Clinical Negligence Case Study
In or about 2004, our Client experienced respiratory difficulties. These included a chest infection and wheeze, and were treated as a chest infection with underlying asthma. Our Client’s GP prescribed an inhaler, the use of which made no difference to the symptoms.
In July 2008, respiratory function tests indicated non-reversible airway obstruction. This made a diagnosis of asthma less likely.
In August 2009, our Client was unable to cope with work due to his symptoms and his GP certified that he was unfit to work.
In November 2009, our Client was examined by a Professor at hospital, who diagnosed asthma or chronic obstructive pulmonary disease, or a mixture of the two.
In February 2010, our Client was seen again in the same clinic, and the same diagnosis was made.
In August 2010, our Client’s GP identified stridor on inhalation (a high pitched breath sound) and referred him to his local ENT Department.
A letter from an ENT specialist detailed symptoms of hoarseness but made no reference to the history of stridor and our Client was referred for speech therapy and an ultrasound.
The ENT department advised that an ultrasound scan had revealed a right sided neck swelling due to a “multi-nodular goitre”.
In March 2011, our Client was discharged from the care of the ENT department, having been advised that the thyroid goitre had not enlarged significantly and surgery was not appropriate. September 2011, he was discharged from speech and language therapy.
He continued to report symptoms and was seen by nurses at his GP’s surgery in December 2011 and January 2012.
At the request of his asthma nurse, our Client underwent a chest x-ray in January 2012 which revealed a “large mediastinal mass, compressing and displacing trachea within the thorax” (i.e. a large retrosternal goitre).
He underwent surgery in April 2012 to remove the goitre. The surgery involved fracturing his sternum to locate and remove the goitre, this immediately improved his symptoms.
Our Client pursued a claim against the hospital trust on the basis that the medical treatment provided was sub-standard and negligent because there was a failure to make the correct diagnosis in 2009. The diagnosis of asthma was not only wrong, but unlikely. Further, he alleged that there was a failure to recommend or arrange further investigations, including a chest x-ray, and there was a failure to consider the possible cause of the stridor, at which point further investigations should have been arranged, including a chest x-ray.

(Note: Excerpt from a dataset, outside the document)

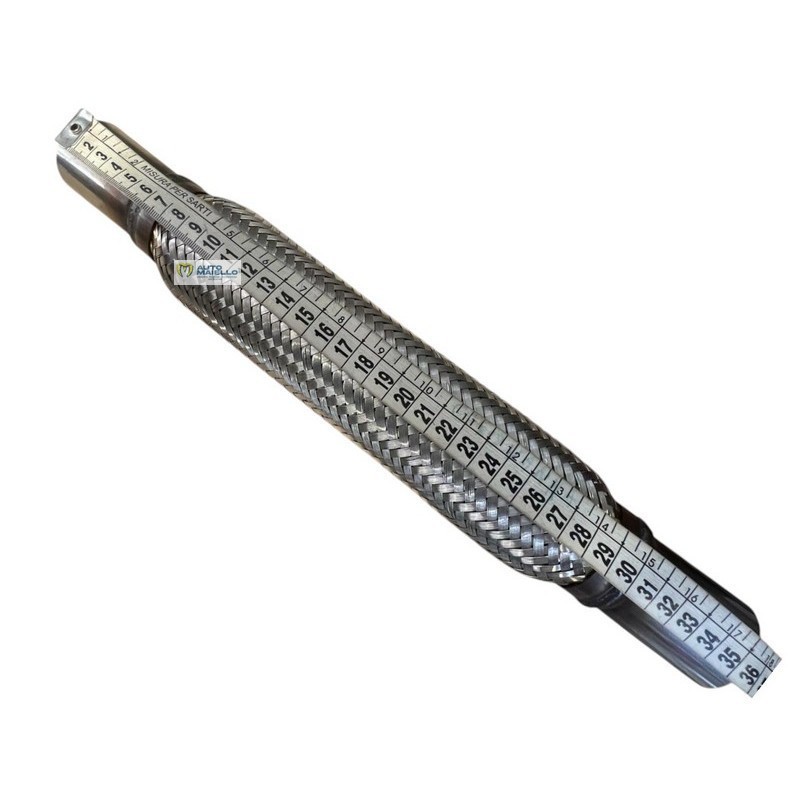 Flessibile scarico marmitta ligier JS50 Casalini Microcar Italcar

It was also alleged that medical staff failed on numerous occasions between 2009 and 2012 to recommend or arrange the appropriate investigations and failed to recommend surgery at any time prior to January 2012.
In fact, the medical staff continued incorrectly to diagnose asthma when the clinical signs made such a diagnosis unlikely. The hospital trust admitted liability but denied causation, stating that the diagnosis of asthma/COPD was not unreasonable.
Our client received damages totalling £15,000 which included compensation for his loss of earnings and the unnecessary pain and suffering experienced in relation to the delay in diagnosing his condition.